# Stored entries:
# # # # #
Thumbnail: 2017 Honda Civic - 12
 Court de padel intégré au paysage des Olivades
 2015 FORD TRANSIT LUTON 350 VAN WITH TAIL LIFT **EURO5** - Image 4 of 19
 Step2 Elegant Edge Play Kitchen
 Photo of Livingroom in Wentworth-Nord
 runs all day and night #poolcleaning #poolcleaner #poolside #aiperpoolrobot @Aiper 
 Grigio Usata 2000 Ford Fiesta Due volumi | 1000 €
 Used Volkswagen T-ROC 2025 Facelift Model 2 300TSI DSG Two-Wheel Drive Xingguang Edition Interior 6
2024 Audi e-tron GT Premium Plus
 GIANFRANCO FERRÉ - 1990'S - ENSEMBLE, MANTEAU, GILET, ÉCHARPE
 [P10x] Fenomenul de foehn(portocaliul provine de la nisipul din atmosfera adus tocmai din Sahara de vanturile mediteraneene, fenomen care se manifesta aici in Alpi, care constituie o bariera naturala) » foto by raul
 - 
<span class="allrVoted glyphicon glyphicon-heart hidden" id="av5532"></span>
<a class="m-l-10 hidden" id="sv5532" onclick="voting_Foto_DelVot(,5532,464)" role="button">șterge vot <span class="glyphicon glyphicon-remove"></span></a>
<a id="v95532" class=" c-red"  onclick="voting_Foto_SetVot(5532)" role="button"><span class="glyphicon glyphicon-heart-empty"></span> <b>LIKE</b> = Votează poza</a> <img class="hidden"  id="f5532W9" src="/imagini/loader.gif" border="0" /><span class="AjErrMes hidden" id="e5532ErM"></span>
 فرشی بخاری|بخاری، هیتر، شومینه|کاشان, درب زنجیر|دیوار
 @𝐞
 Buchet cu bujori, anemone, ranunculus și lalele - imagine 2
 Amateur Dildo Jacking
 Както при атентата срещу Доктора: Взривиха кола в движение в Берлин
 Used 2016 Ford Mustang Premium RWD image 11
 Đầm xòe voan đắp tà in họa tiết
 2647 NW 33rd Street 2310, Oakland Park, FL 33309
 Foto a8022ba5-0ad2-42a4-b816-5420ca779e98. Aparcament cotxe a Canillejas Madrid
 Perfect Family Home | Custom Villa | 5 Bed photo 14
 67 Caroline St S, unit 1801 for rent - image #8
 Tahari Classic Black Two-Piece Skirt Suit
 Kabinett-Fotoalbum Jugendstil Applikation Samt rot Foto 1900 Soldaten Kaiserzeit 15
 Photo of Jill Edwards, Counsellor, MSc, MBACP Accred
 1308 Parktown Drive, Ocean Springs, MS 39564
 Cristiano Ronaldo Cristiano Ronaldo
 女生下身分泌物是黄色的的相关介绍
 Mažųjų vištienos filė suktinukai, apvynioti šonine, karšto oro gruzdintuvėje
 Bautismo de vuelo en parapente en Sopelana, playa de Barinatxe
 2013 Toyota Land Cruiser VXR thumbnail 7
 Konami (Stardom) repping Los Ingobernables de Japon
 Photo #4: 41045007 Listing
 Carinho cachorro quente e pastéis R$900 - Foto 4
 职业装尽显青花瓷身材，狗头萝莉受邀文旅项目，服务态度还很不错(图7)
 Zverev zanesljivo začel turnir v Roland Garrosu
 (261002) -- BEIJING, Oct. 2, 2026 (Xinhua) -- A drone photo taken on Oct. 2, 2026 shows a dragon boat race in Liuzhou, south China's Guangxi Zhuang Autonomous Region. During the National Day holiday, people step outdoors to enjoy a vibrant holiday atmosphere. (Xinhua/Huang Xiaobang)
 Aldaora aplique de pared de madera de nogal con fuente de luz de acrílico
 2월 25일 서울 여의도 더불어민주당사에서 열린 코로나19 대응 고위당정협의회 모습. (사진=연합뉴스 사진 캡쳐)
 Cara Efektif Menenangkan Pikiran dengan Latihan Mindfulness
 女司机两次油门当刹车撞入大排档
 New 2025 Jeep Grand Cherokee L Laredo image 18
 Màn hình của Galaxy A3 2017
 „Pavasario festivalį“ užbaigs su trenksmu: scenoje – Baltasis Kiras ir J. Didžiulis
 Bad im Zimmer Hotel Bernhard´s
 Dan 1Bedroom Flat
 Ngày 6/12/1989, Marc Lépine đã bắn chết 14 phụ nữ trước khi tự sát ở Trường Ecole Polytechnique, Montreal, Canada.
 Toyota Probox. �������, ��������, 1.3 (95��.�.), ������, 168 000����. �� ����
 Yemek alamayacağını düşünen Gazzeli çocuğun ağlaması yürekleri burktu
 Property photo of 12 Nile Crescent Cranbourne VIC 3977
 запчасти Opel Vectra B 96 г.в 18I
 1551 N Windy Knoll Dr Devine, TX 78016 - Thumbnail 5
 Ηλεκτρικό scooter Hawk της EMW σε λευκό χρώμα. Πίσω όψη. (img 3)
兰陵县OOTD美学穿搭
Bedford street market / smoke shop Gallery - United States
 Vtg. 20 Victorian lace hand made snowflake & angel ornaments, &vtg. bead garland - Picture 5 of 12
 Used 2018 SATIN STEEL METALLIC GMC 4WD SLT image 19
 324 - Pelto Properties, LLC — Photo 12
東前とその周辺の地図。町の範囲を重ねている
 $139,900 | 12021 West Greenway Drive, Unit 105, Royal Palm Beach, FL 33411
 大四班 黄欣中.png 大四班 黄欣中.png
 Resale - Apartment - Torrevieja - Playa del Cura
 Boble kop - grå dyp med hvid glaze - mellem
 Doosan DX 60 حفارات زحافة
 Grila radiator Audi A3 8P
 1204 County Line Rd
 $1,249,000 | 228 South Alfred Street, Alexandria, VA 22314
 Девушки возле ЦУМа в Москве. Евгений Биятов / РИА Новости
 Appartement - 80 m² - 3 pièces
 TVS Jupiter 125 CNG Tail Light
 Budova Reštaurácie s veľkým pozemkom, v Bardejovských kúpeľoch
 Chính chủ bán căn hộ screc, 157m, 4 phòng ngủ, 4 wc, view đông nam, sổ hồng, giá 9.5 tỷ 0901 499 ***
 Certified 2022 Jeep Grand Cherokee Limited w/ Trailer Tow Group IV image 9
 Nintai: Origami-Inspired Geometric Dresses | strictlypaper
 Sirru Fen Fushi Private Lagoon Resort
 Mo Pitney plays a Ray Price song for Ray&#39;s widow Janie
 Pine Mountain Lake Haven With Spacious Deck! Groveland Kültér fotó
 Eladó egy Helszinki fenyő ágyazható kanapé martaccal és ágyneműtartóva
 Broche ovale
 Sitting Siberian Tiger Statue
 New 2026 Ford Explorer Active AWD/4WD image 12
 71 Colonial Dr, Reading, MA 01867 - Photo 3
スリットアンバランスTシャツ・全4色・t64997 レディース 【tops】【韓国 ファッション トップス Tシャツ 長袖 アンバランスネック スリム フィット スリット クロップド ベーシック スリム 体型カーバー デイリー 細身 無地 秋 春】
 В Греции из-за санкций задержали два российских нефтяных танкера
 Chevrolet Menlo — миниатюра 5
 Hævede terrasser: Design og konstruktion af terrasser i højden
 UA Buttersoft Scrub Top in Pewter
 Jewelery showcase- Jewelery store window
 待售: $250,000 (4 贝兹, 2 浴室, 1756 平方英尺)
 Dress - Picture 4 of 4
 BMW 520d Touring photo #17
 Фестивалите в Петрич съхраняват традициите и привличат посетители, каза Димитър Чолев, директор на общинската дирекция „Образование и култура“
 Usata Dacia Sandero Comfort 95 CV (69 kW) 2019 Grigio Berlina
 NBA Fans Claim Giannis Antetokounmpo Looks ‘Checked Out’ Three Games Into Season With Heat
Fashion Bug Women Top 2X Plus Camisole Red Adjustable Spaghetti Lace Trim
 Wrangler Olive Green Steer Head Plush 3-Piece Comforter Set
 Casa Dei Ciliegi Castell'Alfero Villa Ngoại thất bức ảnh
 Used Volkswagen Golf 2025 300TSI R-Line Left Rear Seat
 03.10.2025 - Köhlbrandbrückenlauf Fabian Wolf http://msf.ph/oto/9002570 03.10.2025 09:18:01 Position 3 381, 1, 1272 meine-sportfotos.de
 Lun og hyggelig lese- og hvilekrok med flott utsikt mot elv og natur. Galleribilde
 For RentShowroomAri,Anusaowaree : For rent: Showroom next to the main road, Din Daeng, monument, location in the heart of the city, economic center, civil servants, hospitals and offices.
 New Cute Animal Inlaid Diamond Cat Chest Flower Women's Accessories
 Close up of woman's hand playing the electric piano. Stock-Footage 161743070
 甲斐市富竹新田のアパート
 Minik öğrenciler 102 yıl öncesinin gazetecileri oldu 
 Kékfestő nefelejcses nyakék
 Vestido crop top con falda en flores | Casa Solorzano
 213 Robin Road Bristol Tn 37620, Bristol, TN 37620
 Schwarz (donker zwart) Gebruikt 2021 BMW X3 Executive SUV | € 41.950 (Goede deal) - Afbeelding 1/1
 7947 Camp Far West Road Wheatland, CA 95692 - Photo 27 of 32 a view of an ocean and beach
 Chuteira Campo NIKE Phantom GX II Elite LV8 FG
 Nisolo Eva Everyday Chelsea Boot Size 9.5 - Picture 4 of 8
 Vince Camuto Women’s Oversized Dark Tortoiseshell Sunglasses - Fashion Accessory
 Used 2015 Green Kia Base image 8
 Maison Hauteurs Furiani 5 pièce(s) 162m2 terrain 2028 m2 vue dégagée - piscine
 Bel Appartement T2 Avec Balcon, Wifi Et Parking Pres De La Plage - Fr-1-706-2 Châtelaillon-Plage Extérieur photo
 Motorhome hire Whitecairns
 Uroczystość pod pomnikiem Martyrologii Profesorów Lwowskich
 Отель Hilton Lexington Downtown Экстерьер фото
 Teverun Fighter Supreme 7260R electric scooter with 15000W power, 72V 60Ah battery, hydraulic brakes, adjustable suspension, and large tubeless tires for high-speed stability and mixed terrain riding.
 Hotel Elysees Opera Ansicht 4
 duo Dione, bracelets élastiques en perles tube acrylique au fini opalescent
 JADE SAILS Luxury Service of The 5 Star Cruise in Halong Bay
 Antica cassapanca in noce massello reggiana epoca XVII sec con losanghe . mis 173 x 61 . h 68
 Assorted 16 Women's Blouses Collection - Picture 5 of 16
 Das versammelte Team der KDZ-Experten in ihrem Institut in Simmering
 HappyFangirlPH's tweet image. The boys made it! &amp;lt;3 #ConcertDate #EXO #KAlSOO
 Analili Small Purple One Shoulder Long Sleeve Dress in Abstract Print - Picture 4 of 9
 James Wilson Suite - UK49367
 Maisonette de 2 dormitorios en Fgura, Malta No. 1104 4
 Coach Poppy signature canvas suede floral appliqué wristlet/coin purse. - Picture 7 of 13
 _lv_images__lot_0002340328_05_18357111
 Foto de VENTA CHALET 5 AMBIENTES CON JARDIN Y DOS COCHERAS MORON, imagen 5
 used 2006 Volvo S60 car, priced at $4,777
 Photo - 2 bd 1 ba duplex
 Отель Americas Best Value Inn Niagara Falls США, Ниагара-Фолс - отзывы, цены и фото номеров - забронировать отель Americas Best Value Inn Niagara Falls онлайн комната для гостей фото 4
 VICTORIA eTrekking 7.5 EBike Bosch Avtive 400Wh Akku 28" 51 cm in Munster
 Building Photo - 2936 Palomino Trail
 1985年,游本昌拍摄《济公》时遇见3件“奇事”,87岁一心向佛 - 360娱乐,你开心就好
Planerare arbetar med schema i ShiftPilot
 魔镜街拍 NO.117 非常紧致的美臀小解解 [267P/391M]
# # # # #
# TASK DESCRIPTION:
From the first line of the records above down to the line containing "GIANFRANCO FERRÉ - 1990'S", repeat each line exactly as written. Include both of those lines and add nothing.

# ANSWER SPACE:
Thumbnail: 2017 Honda Civic - 12
 Court de padel intégré au paysage des Olivades
 2015 FORD TRANSIT LUTON 350 VAN WITH TAIL LIFT **EURO5** - Image 4 of 19
 Step2 Elegant Edge Play Kitchen
 Photo of Livingroom in Wentworth-Nord
 runs all day and night #poolcleaning #poolcleaner #poolside #aiperpoolrobot @Aiper 
 Grigio Usata 2000 Ford Fiesta Due volumi | 1000 €
 Used Volkswagen T-ROC 2025 Facelift Model 2 300TSI DSG Two-Wheel Drive Xingguang Edition Interior 6
2024 Audi e-tron GT Premium Plus
 GIANFRANCO FERRÉ - 1990'S - ENSEMBLE, MANTEAU, GILET, ÉCHARPE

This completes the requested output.